Ich lasse gerne mit mir darüber reden, welche die richtige Steuer dafür ist und wo wirklich die Superreichen sind, die mehr dazu beitragen können. Aber ich lasse nicht mehr mit mir darüber diskutieren, ob wir das machen. Da hat sich die SPD in den letzten Jahren weggeduckt. Und die Leute fragen sich zu Recht: Wie wollt Ihr das alles finanzieren? Ihr wollt Bildung gebührenfrei machen, Wohnen bezahlbarer; ihr wollt die Renten absichern und den Mindestlohn steigern. Aber ihr seid nicht bereit, jemandem gewisse Privilegien wegzunehmen. Das passt nicht.
Ihr Lösungsvorschlag lautet?
Wir müssen bereit sein, ein paar Leuten wehzutun. Leuten mit exorbitanten Vermögen, die von ihrem Reichtun leben und leistungslos durch diese Gesellschaft durchkommen. Noch ein Lieblingsbeispiel: Als die Quandts bei BMW vor ein paar Jahren ihre Anteile überschrieben haben – das waren 10 Milliarden Euro –, haben sie einmalig 800 Millionen Erbschaftssteuer bezahlt.

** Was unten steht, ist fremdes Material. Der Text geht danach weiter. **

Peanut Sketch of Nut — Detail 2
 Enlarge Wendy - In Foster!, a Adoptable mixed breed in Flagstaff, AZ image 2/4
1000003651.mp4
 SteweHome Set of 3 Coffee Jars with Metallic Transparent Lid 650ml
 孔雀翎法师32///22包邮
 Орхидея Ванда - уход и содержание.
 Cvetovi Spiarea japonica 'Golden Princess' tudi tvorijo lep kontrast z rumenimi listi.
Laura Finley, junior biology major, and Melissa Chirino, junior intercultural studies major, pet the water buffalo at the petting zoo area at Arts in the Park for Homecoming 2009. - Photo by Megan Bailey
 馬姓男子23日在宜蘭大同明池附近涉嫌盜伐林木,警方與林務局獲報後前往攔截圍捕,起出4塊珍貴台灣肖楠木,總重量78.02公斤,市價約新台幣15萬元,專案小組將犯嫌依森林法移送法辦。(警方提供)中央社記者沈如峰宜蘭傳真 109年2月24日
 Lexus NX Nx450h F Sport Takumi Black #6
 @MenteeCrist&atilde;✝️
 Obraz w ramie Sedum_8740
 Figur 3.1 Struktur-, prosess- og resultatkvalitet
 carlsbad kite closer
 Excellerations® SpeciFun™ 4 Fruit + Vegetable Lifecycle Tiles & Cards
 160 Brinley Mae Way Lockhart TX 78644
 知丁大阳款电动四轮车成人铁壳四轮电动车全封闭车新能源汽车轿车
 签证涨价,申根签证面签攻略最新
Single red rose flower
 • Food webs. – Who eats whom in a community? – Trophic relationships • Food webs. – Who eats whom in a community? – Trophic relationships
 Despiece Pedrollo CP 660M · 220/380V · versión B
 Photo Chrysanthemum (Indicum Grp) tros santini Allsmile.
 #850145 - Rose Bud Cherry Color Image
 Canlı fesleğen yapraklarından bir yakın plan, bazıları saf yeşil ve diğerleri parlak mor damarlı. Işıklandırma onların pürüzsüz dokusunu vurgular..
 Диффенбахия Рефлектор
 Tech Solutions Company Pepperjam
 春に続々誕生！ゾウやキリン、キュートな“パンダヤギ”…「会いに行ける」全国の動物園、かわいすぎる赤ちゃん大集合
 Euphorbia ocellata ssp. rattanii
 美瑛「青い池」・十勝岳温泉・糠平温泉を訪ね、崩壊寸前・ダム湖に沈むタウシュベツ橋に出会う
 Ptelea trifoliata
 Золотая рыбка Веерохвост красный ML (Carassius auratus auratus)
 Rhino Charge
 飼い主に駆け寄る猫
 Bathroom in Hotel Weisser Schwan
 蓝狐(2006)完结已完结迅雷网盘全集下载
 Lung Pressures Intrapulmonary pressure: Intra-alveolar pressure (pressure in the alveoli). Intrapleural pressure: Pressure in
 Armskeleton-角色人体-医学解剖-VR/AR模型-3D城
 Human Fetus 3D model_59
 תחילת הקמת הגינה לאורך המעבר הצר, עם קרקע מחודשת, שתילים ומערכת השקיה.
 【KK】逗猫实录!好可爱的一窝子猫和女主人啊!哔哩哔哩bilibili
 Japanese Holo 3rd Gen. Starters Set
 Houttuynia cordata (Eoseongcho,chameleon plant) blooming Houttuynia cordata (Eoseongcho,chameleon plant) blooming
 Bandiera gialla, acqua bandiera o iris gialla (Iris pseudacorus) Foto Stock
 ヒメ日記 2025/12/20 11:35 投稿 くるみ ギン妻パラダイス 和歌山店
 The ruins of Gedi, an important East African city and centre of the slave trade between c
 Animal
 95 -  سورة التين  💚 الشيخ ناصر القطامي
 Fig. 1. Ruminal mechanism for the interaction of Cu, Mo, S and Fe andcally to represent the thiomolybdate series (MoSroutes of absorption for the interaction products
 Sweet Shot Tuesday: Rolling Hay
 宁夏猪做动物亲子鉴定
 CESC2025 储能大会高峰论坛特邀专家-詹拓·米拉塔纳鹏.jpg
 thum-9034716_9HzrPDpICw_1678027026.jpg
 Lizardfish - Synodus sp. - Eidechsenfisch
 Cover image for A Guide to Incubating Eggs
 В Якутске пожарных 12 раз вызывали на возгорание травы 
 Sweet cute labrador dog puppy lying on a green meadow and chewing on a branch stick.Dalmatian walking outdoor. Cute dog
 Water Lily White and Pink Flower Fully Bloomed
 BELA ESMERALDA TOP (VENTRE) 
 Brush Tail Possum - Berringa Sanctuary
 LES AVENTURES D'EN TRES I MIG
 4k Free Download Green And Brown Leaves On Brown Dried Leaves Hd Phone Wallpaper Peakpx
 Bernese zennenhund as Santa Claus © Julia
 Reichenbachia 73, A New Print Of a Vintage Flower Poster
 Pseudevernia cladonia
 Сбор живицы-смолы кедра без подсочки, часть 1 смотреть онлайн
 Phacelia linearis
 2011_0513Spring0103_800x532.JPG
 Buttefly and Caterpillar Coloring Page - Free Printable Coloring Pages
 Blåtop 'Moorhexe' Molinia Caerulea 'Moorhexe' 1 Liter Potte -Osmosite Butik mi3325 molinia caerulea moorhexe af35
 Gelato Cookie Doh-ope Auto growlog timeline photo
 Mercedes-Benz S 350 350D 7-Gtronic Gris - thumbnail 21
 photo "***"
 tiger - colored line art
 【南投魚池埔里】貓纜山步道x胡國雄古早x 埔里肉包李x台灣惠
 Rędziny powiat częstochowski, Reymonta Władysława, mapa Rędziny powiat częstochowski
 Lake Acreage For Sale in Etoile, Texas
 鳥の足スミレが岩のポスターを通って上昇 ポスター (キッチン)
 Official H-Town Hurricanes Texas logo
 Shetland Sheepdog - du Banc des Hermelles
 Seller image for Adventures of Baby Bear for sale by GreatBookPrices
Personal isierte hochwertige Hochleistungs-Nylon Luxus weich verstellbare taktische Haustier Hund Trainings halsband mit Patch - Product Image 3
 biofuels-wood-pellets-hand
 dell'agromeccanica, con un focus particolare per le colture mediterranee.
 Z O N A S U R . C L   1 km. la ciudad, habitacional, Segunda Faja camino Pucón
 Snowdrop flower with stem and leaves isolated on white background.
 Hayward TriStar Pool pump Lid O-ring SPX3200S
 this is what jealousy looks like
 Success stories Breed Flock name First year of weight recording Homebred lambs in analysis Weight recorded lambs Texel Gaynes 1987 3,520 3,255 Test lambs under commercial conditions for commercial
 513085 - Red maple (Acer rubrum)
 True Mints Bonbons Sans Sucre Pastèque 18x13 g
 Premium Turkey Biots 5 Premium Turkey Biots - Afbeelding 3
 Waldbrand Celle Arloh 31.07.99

Im gleichen Jahr haben sie eine Dividende von 815 Millionen eingestrichen. In einem Jahr haben sie schon wieder ein Plus rausgeholt. Das ist kein angemessener Anteil. Das haben die ja nicht alles selbst erwirtschaftet. Die profitieren davon, dass es hier einen starken Standort gibt, gut ausgebildete Fachkräfte, eine ordentliche Infrastruktur. Dieser Reichtum ist eine gesellschaftliche Leistung – und deshalb gehört davon wieder etwas zurückgegeben.
Ein Farben-Spiel zum Schluss: Würden Sie den bayerischen Genossen zu einer schwarz-roten Koalition raten?
Politikregel Nummer eins: Fisch nicht in anderen Landesverbänden rum! Aber ich glaube, beim Gedanken an eine Koalition mit der CSU kriegen hier alle Pickel.